India’s merchandise exports fell for the eleventh consecutive month in October. Exports contracted 17.53 per cent to $21.35 billion in October, against $25.89 billion in October 2014, according to data released by the commerce ministry on Monday. As against this, during the 2008-09 global financial meltdown the decline was for nine months in a row.
This has prompted the government to announce export-incentive measures for the second time in a fortnight. After coming out with a revamped Merchandise Exports from India Scheme last month, the finance ministry on Monday raised the duty drawback rates — reimbursement of duties paid on imports used for exports — particularly for engineering products.
While exports of high-value petroleum products declined 55 per cent in October, engineering products by 6.3 per cent, and gems & jewellery by 7.56 per cent, only 21 items posted contraction in outbound shipments against 24 in September. Also, the decline in exports decelerated from the 20 per cent fall in August and September each.

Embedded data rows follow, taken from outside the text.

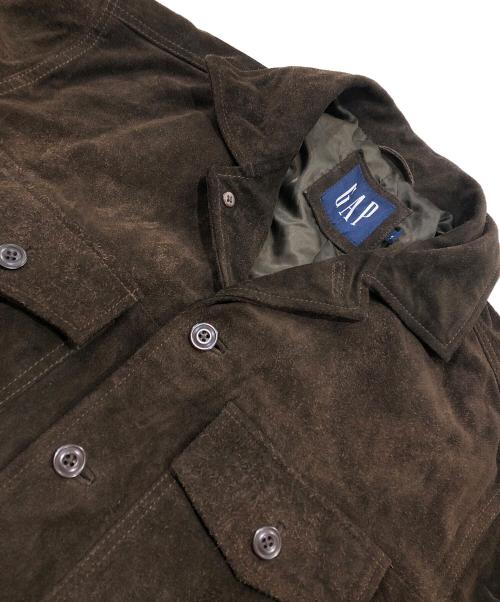 OLD GAP（オールドギャップ）OLD GAP (オールドギャップ) カウレザージャケット/スウェードジャケット ブラウン サイズ:Sの古着・服飾アイテム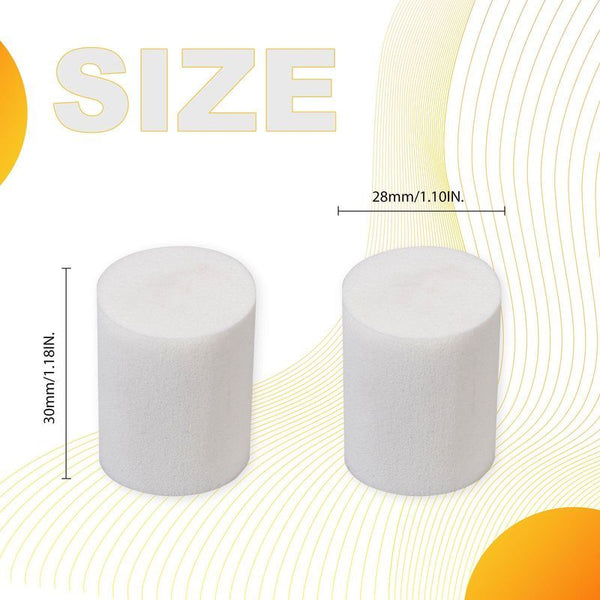 Wide Vials Closures，Material：Densest Sponge，Autoclavable, Size：27*30mm，|51-0815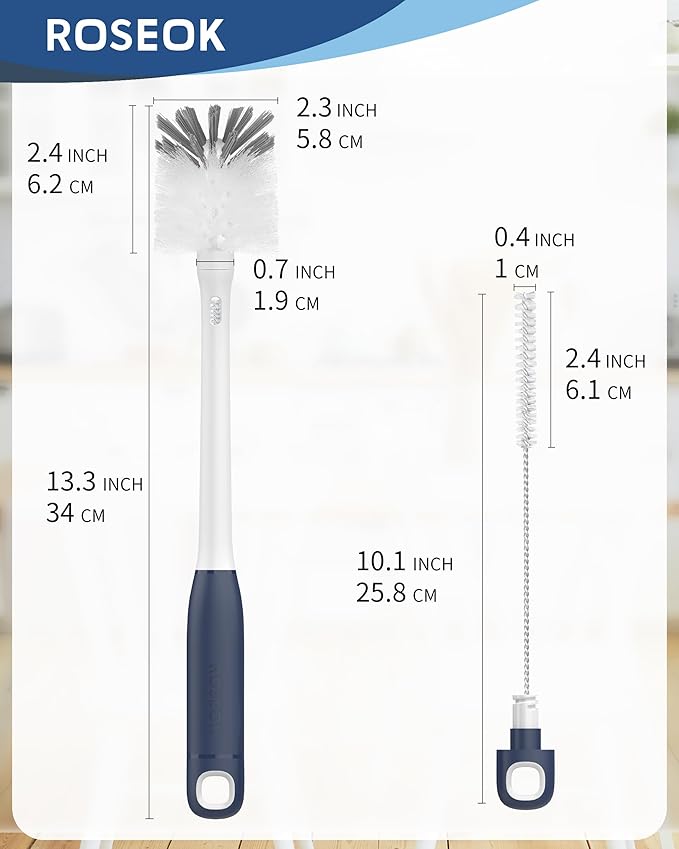 2 in 1 Long Handle Bottle Brush - Image 9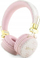 Kufje pa tela Guess GUBH704GEMP, Bluetooth, IPX4, rozë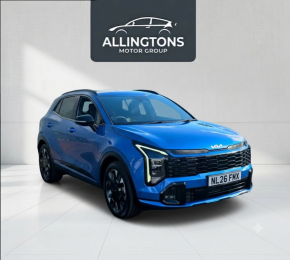 KIA SPORTAGE at Allingtons Motor Group Ashington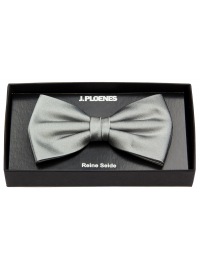 J. Ploenes Schleife / Fliege - Seide - grau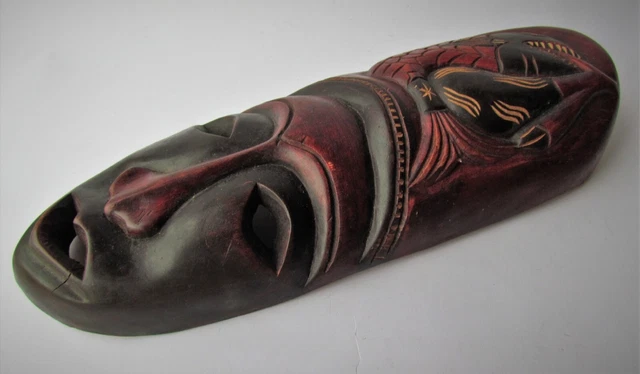 African mask, exotic wood, 500 grams, 36 cm. 3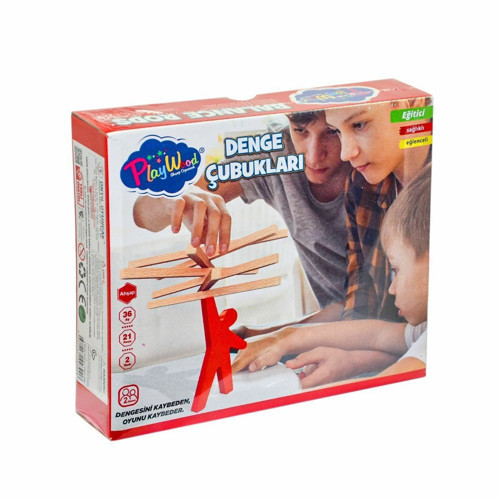 ONY-390 Ahşap Denge Çubukları -Onyıl Kız Erkek Çocuk Oyuncak Eğitici Oyuncaklar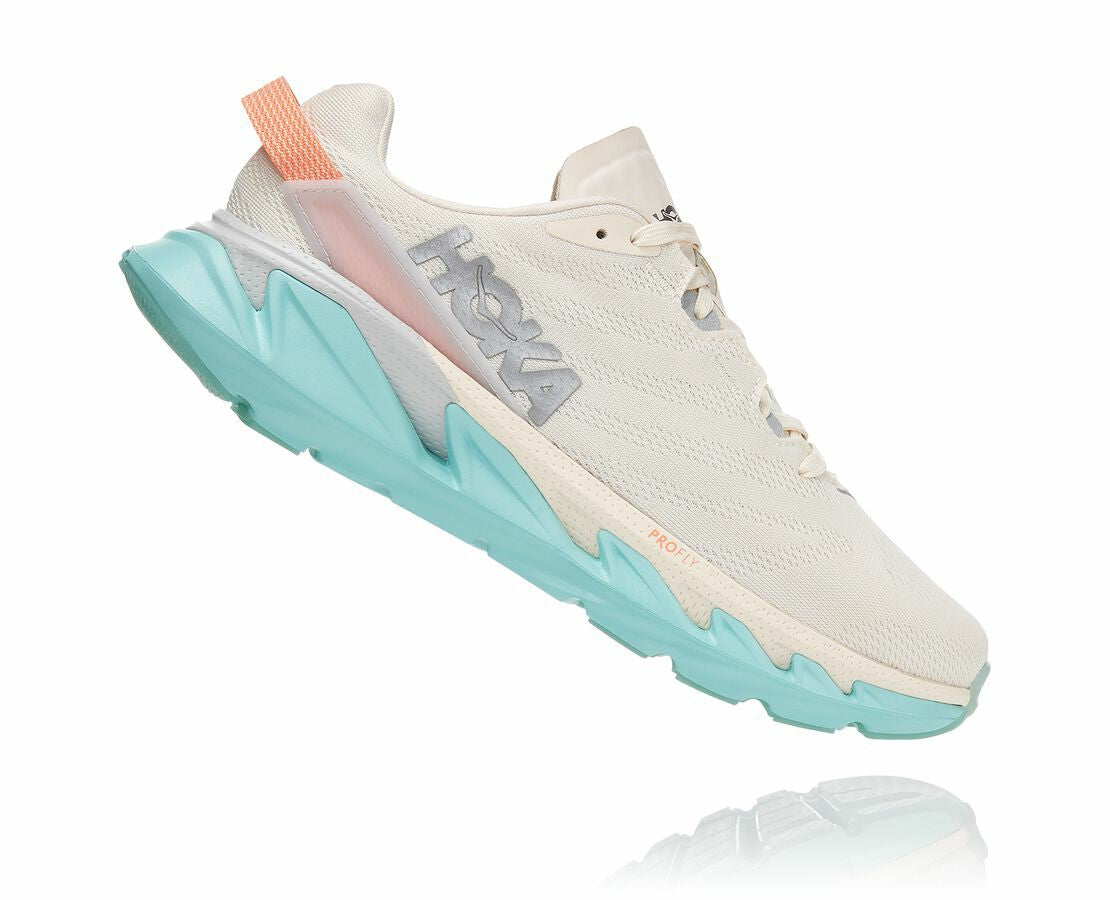 HOKA|Women's Elevon 2 Eggnog / Eggshell Blue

As dollar receipts dwindled, what was a bit comfortable for India was that imports, too, dropped by 21.15 per cent to $31.12 billion in October against the year-ago period, when it was $39.46 billion.
This meant that trade deficit narrowed to $9.77 billion in October against $10.48 billion in September. This was the first time the deficit came down to a single digit in the current financial year till October.
Imports of oil, a fifth of total inbound shipments, were down 42 per cent at $76.8 billion in October against $44.5 billion in the year-ago period. Non-oil imports fell 9.9 per cent at $24.3 billion against $26.9 billion. This is often taken as a proxy to domestic demand in the economy.
Non-oil non-gold imports are now considered a true indicator of such demand. In line with overarching trends, gold imports, too, fell 59.55 per cent in October to $1.70 billion, down from $4.20 billion in October 2014. This was despite the festival of Diwali falling in November this year against October last year. As such, non-oil non-gold imports declined 8.5 per cent at $22.6 billion in October against 5.2 per cent contraction at $23.7 billion in September. This also showed economic recovery will take time.
For the first eight months of the current financial year, exports declined 17.6 per cent at $154.29 billion. With only four months to go for this financial year to be over, touching the $300-mark would a remote possibility, feared the Federation of Indian Export Organisations president S C Ralhan. Even at $300 billion, exports would contract three per cent in 2015-16 compared to $310 billion in 2014-15.
For the April-October period, India’s cumulative imports were at $23.20 billion. This was a 15.17 per cent drop from $27.35 billion, which was the cumulative figure for the same period last year.
As a result, trade deficit narrowed to $77.76 billion, cumulatively, for months leading up to October. The corresponding figure for the previous year was $86.26 billion.